This project had been developed to crawl on Boğaziçi University registration system to gather course schedule data, in C, using the CURL library.
The project had been initiated on August of 2014, during the summer break after my first year at the university. The project is uploaded to GitHub just now, for the record and publication.
The idea was to gather up all the schedule data offered by the registration system of our university, and generate a database out of them. Asking the registrar office for the data could be an option, but I believed that the procedures for that would take a while. Furthermore, such a request could very well also be denied, since;
- They would not want to bother.
- There could be information that is not publicly available on the database, so they would have to filter those out to prevent a possible leak of information, which they again would not want to bother about.
With this data, my aim was to make a much more informative and interactive application for the convenience of every user of the original system. Among the features planned, following are the ones I recall the most:
- Preparing a weekly program as a student.
- Viewing the weekly schedule of a classroom.
- Viewing the weekly schedule of an instructor, regarding their lectures.
All these would be trivially possible after the collected data is structured and standardized, and the relations were built.
The schedule is displayed in a very cryptic manner on our university's registration pages. Lack of proper delimiters between days (ranging from Monday to Saturday), slots (ranging from 1 to 12, 13), and classrooms, were making the deciphering process hard, even for a human reader.
The human reader would initially guess, and then later know by experience that a string presented as
AYHAN SAHENK AYHAN SAHENK AYHAN SAHENK
is actually 3 times Ayhan Sahenk, and not 6 separate classes,
alternating between Ayhan and Sahenk.
Similar issues were present with other columns of data presented on the schedule. I was able to overcome all those challenges, and successfully parse those strings through various techniques.
I discontinued the project for another reason, which became evident to me once I have started to my first year in my second semester:
- Lessons with obligatory laboratory sessions were adding extra complexity that I was yet to consider.
- Depending on the lecture, a student may: a) be obliged to attend the laboratory section corresponding to the assigned section of the lecture. b) choose from given options on which laboratory section he/she would like to attend.
- The registration system presents no indicator on the status of the above matter.
By the time I found out about this, my lectures had already begun. I considered this as a critical issue, and therefore did not want to continue without somehow fixing it. However, the fix required a design decision to be made, and I did not have the time for it.
I had parsed the HTML pages through string searching functions of the standart library. After years of experience and knowledge, it is very inappropriate and fragile to parse an HTML document, even with RegEx, let alone through string searching.
Using a combination of HTML tidying library and an XML parser would both be more appropriate and easier to work with.

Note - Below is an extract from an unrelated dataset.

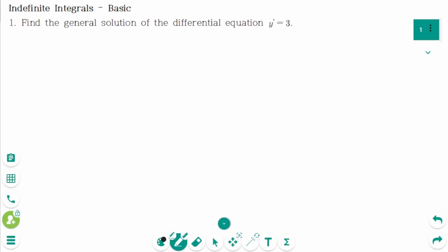This video will cover basic questions regarding the topic of indefinite integrals.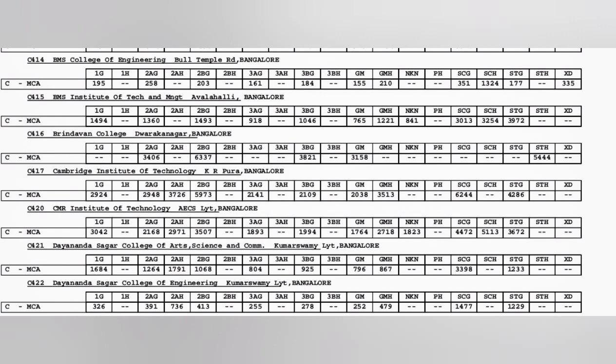Cambridge is a little bit average college, 2000 is the general merit cutoff. CMR IT is good, 1764. Dayananda Sagar 796 and then Dayananda Sagar College of Engineering 252. The last one also is the best one, definitely get it, 252. Dayananda Sagar College of Arts is also good so you can take that.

The classrooms on the schedules on the system are now delimited with vertical bars. They are
also now in separate <span>
elements, so it should be much easier to scrape the schedule web pages now.
My application has been designed to work under slight changes in the system, such as changes on the ASP endpoints. However, the application was not flexible to adapt to changes on the schedule table layouts. Attributed to this change on the table layouts, my application currently fails to properly gather the schedule data.